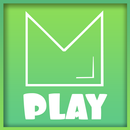 Madder Pins - Try & Get Mad APK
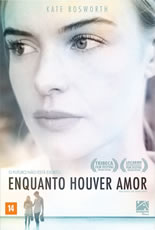 Enquanto Houver Amor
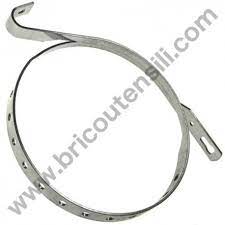 Great savings & free delivery / collection on many items. Brake Band For Chainsaw Hitachi Tanaka Cs40ea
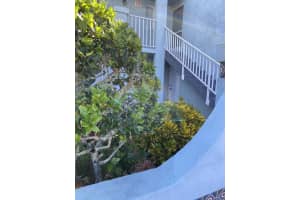 1606 SE Green Acres Cir, Port St. Lucie, FL 34952, Sold 01/10/23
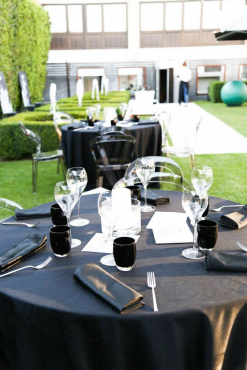 G&B Flero Shop - Giovedinner event, Флеро, Италия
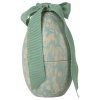 MAILEG Velikonoční kovové vajíčko Small - Dusty mint S26
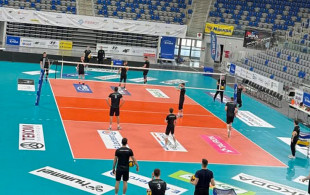 Czarni Radom uzyskali licencję na grę w PLS 1. Lidze
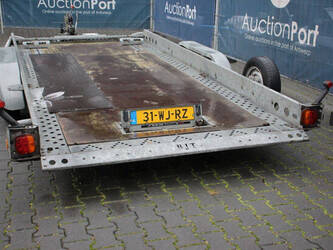 2012-brian-james-aj96atu-44908743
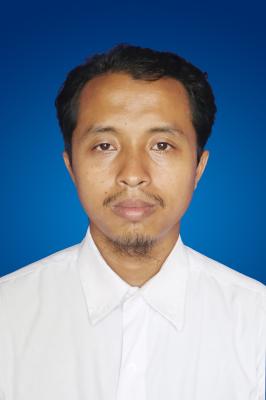 MINHAZUL KHOWIM, S.Kom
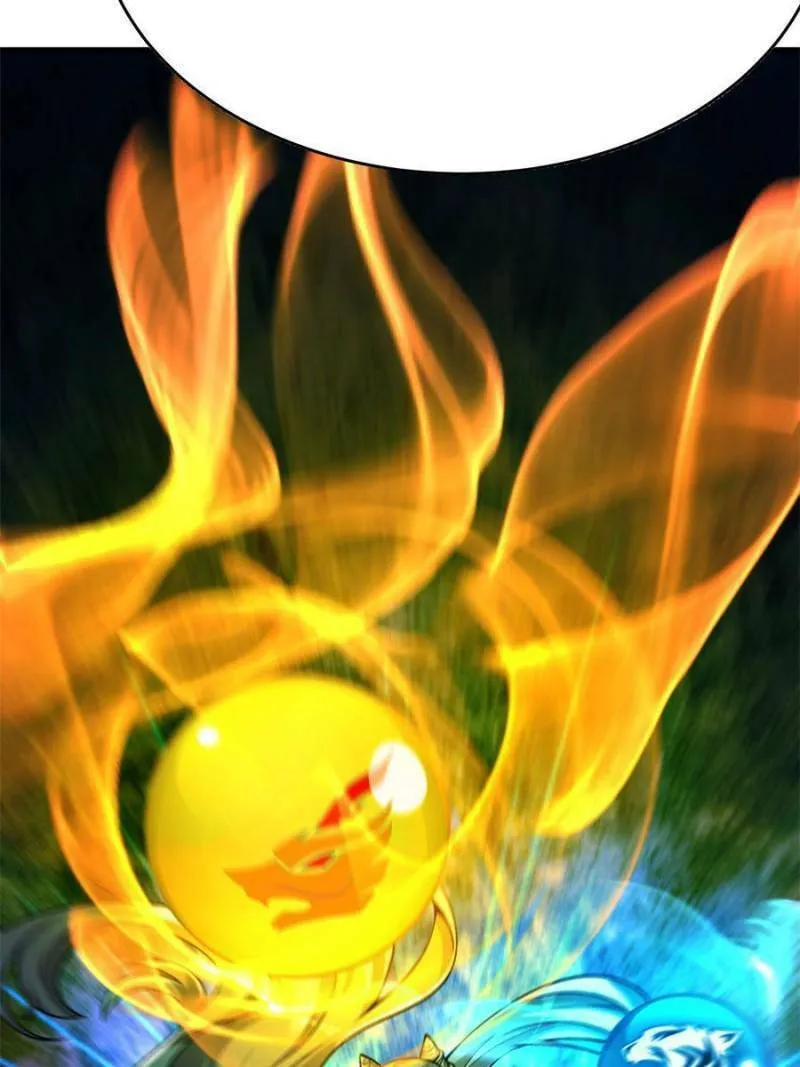 Read I Picked up an Attribute (Colored) chapter 126 image 58 on Lezhin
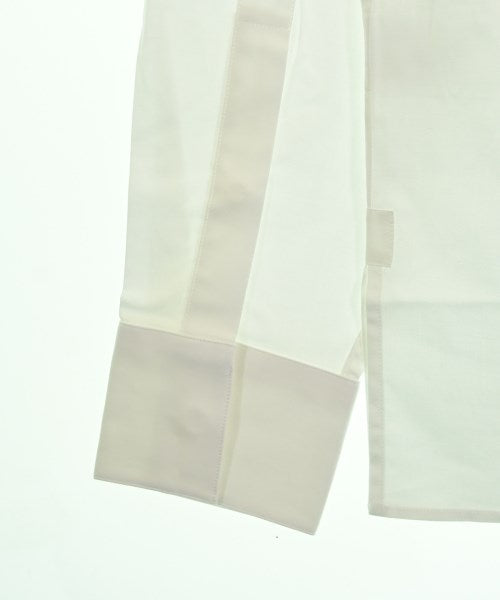 GIVENCHY เสื้อลำลอง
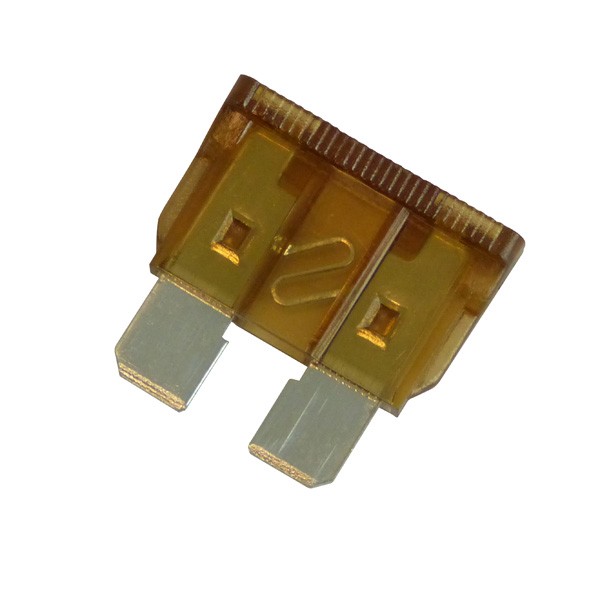 CARPOINT Fusível 1623921 Fusível CARPOINT 1007 1623921 baratos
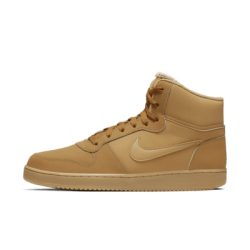 nike耐克ebernonmidseaq8125男子运动鞋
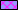 http://static.apub.kr/journalsite/sites/kta/2014-016-05/N0550160506/images/PIC1E85.gif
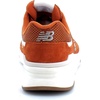 New Balance Men’s 997H V1 Classic Sneaker(Rust Oxide/Sea Salt)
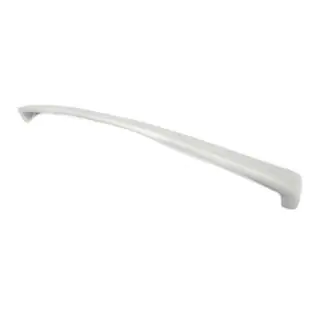 Ajakli Spoiler (primed for painting) photo 4
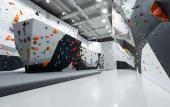 Туры в отель INVENTIST Hotel Sports Academy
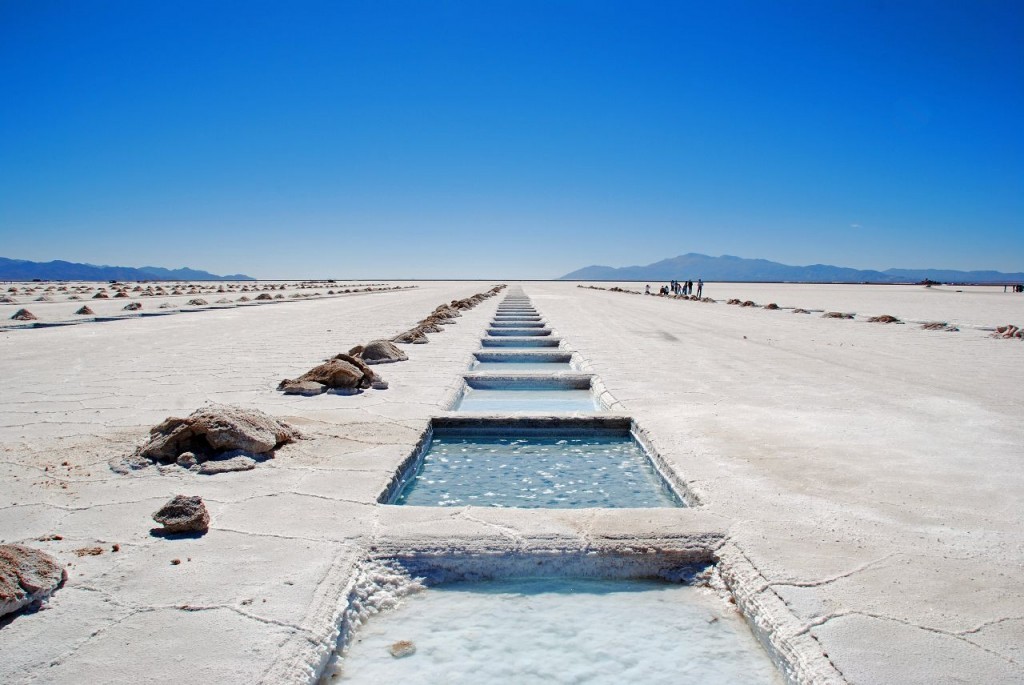 Salinas Grandes FONTE playviaggi.com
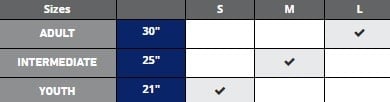 ak_socks_size_chart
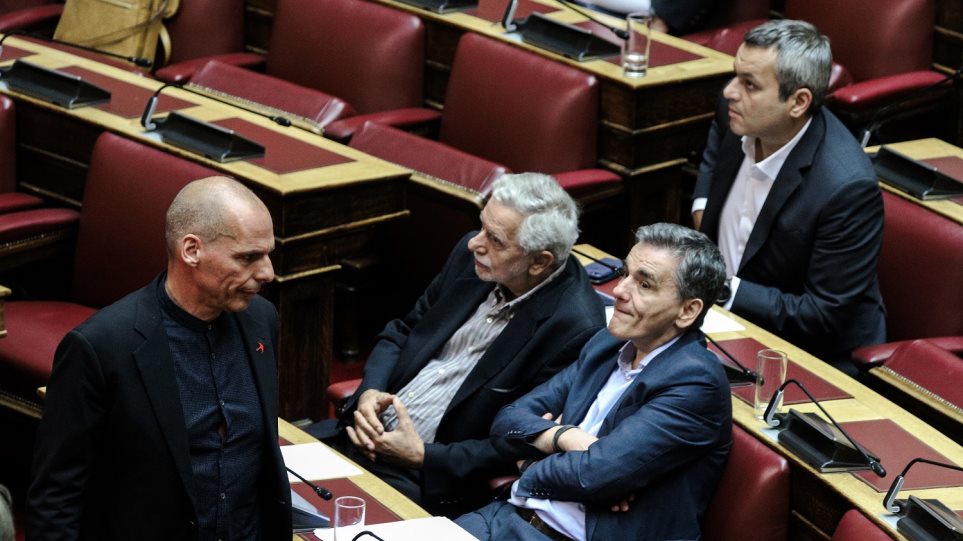 varoufakis_tsakalotos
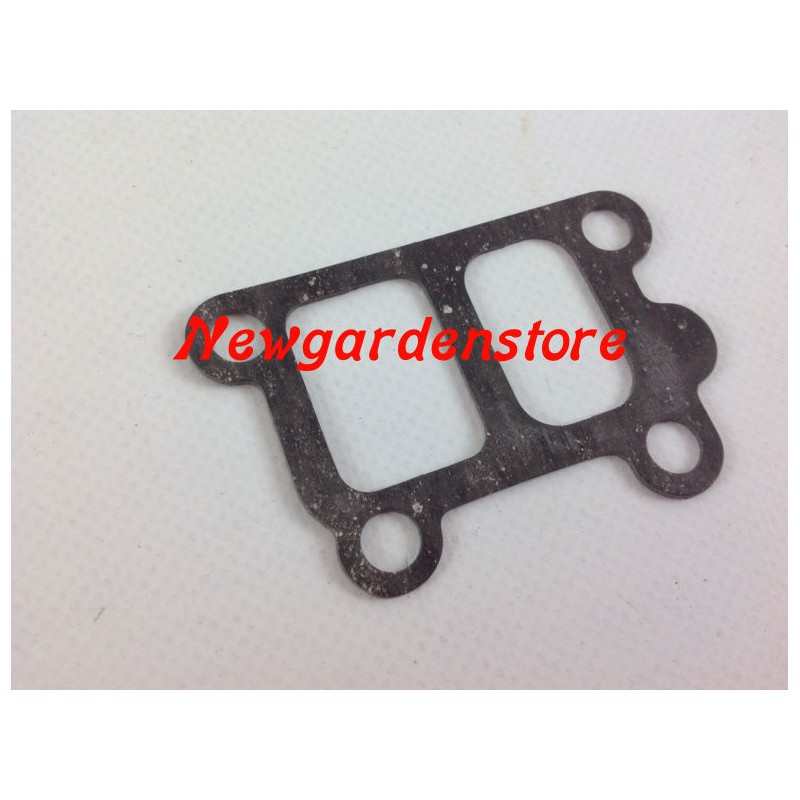 ORIGINAL lawn mower seal KAWASAKI FD440V 11060-2095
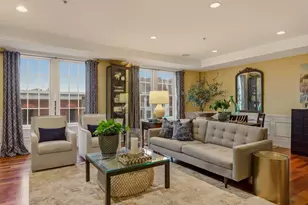 18 Congress Street, Portsmouth, NH 03801 - Photo 6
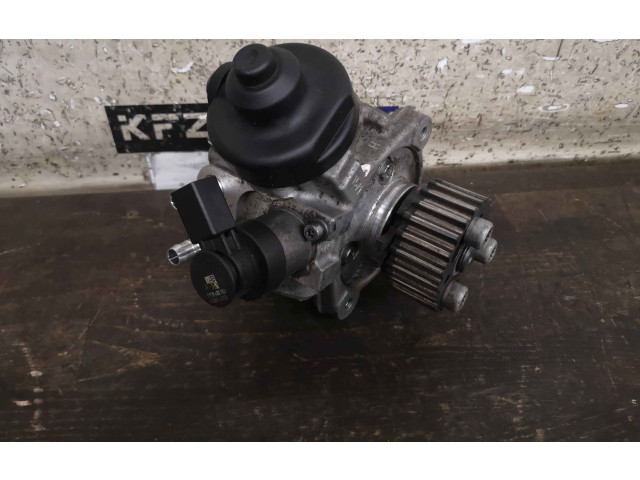 Vstřikovací čerpadlo 03L130755AC, 03L130755AC   Volkswagen Tiguan    CFFB 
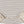 Konges Sløjd Body – Body basique manches longues GOTS | Rayures Como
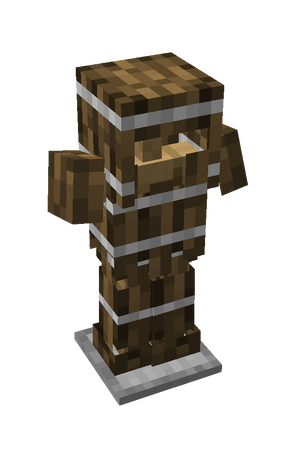 Wooden armor.png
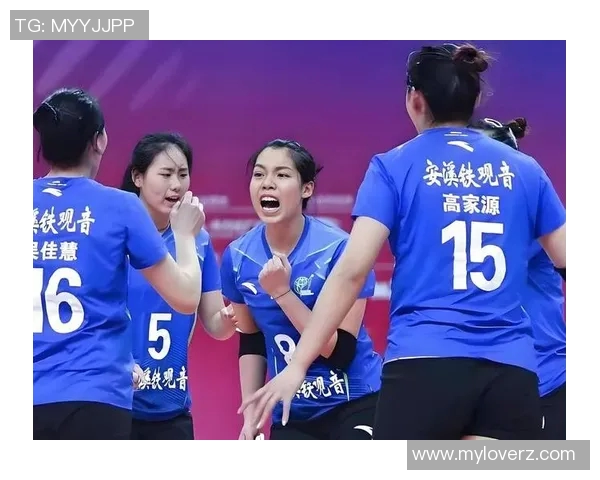 浙江女排与北京女排激战正酣谁将赢得这场巅峰对决的荣耀与胜利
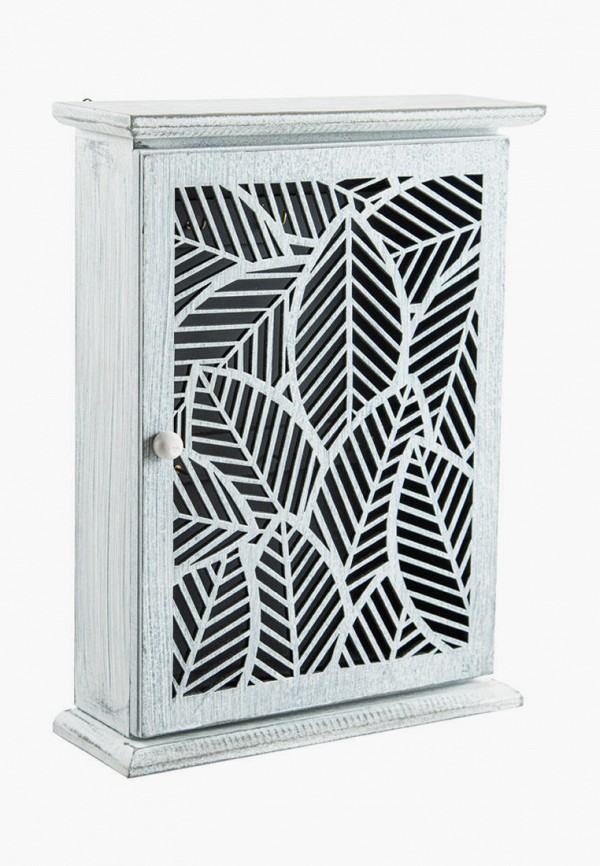 

Ключница настенная Русские подарки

——

[Exercise goal]
The line containing "Czarni Radom uzyskali" and every line after it, up to the last line of the data, should be returned exactly, without the pictures.

[Exercise response]
 Czarni Radom uzyskali licencję na grę w PLS 1. Lidze
 2012-brian-james-aj96atu-44908743
 MINHAZUL KHOWIM, S.Kom
 Read I Picked up an Attribute (Colored) chapter 126 image 58 on Lezhin
 GIVENCHY เสื้อลำลอง
 CARPOINT Fusível 1623921 Fusível CARPOINT 1007 1623921 baratos
 nike耐克ebernonmidseaq8125男子运动鞋
 http://static.apub.kr/journalsite/sites/kta/2014-016-05/N0550160506/images/PIC1E85.gif
 New Balance Men’s 997H V1 Classic Sneaker(Rust Oxide/Sea Salt)
 Ajakli Spoiler (primed for painting) photo 4
 Туры в отель INVENTIST Hotel Sports Academy
 Salinas Grandes FONTE playviaggi.com
 ak_socks_size_chart
 varoufakis_tsakalotos
 ORIGINAL lawn mower seal KAWASAKI FD440V 11060-2095
 18 Congress Street, Portsmouth, NH 03801 - Photo 6
 Vstřikovací čerpadlo 03L130755AC, 03L130755AC   Volkswagen Tiguan    CFFB 
 Konges Sløjd Body – Body basique manches longues GOTS | Rayures Como
 Wooden armor.png
 浙江女排与北京女排激战正酣谁将赢得这场巅峰对决的荣耀与胜利

Ключница настенная Русские подарки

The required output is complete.